Diciamo che era quasi un'abitudine scarrozzarlo, quando mi capitava, per me era solo un piccolo favore che gli facevo, che non costava nulla. Durante il tragitto parlava pochissimo, a parte qualche imprecazione contro i maleducati della strada. Probabilmente trovava strano questo mio modo disinteressato, e magari anche il fatto che dimenticassi per un attimo il suo ruolo marziale, trattandolo semplicemente come una persona comune, come un semplice conoscente. 
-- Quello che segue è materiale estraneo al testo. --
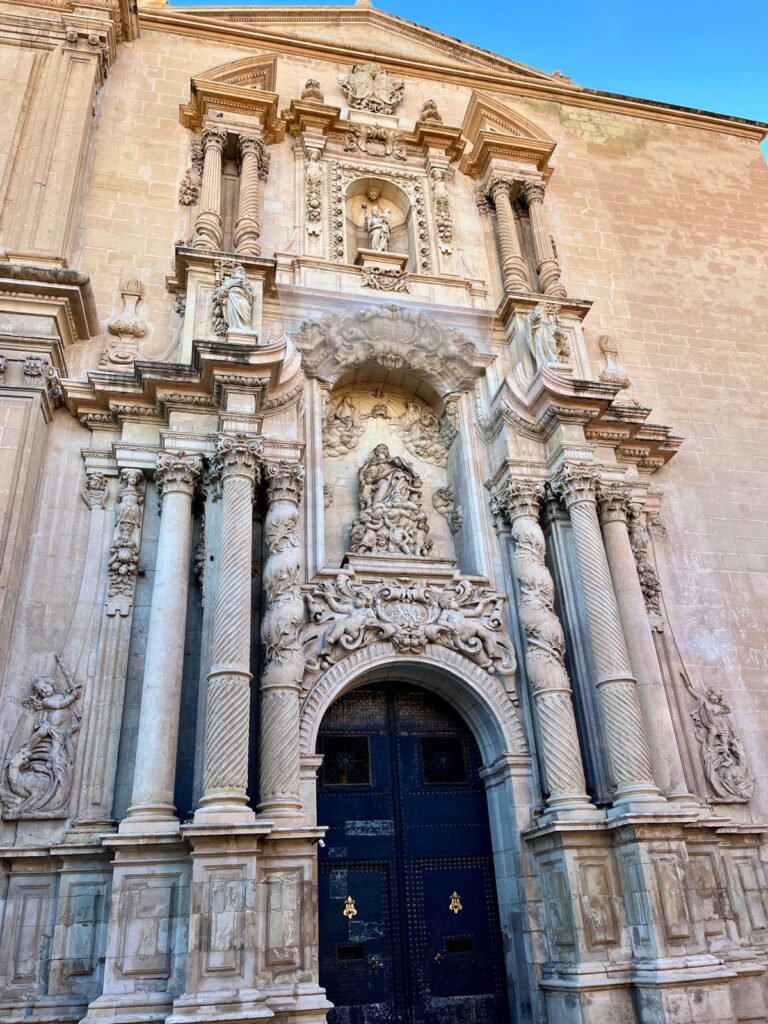 Базилика Санта-Мария в Эльче — главный храм города и архитектурная жемчужина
Ancora adesso però non so spiegarmi con esattezza il motivo, per cui puntualmente, ogni volta che lo accompagnavo a destinazione, scendendo dalla macchinina, provasse a tenermi un po' sulle spine. Faceva una vero e proprio giro di ispezione intorno alla vettura, per esaminare se vi fosse magari qualche irregolarità: una gomma appena usurata, o qualche fanalino non funzionante. Se trovava qualcosa che non andava, me lo faceva notare, raccomandandomi di provvedere, facendomi capire che in quel momento lui lasciava correre, ma teoricamente sarei stato passibile di multa. 


Forse era solo un modo per mantenere le distanze o per sottolineare il suo ruolo professionale, magari lo diceva solo come consiglio paternale, o chissà, forse era un modo come un altro per far pesare la sua autorità, o addirittura una maniera per provare in qualche modo a pareggiare i conti, come per far passare il messaggio, "tu mi hai fatto un piccolo favore? ebbene io non ti devo niente, perché in fondo non saresti in regola e grazie a me ti sei risparmiato un verbale!". Io lo rassicuravo promettendogli che al più presto avrei provveduto a sistemare ciò che era fuori regola e lo salutavo con la stessa gentilezza di quando l'avevo fatto salire. In quel preciso momento, sfoderando questa sua particolare attitudine, inaspettata e insidiosa, mi faceva pensare tanto alla natura dello scorpione. 


Passavano i giorni e non sempre incontravo al solito posto il carabiniere all'imbrunire, facevo la mia spola con la mia macchinina mattina e sera, trasgredendo per la fretta di tanto in tanto qualche regola del codice stradale. Come quella volta, quando stavo per giungere a casa e un furgone che procedeva davanti a me non voleva proprio muoversi. Era un tratto rettilineo, con striscia continua e in leggera discesa. La visibilità era ottima, non arrivava nessuno in senso contrario, la tentazione fu forte e ho azzardato un sorpasso. 


Poco più avanti, alla mia sinistra c'era però la caserma del mio paese e appostati in modo da non essere visibili, due carabinieri che alzando la paletta mi intimarono l'alt. Di fronte a un evidente stato di colpevolezza non è proprio il caso di fare obiezioni, bisogna solo ammettere il torto, per non peggiorare la situazione. Uno dei due in divisa era proprio lui, il carabiniere autostoppista. Provai a giustificarmi, pur ammettendo l'infrazione appena commessa, dicendo che in fondo c'era un'ottima visibilità e avendo osservato molto attentamente, comunque non avrei creato con la mia manovra alcun pericolo per me o per gli altri utenti della strada. Ebbi l'istinto per un attimo di giocarmi un'infelice battuta del tipo "... non ho visto però che c'eravate voi!" Ma ci rinunciai, rendendomi conto che avrei solo peggiorato la situazione. 


"Salifiziu", avendomi riconosciuto, a un certo punto ammorbidì i toni incisivi del collega più giovane, convinto di dovermi multare, invece lui dimostrò così la sua amicizia, convincendolo a desistere dall'intenzione di rilevare il verbale. Furono queste le sue parole con cui mi ha scagionato, nella sua inflessione messinese: "Lassamulu annari, và, ca è un bravu fighiolu!" (dai, lasciamolo andare, perché è un bravo ragazzo!)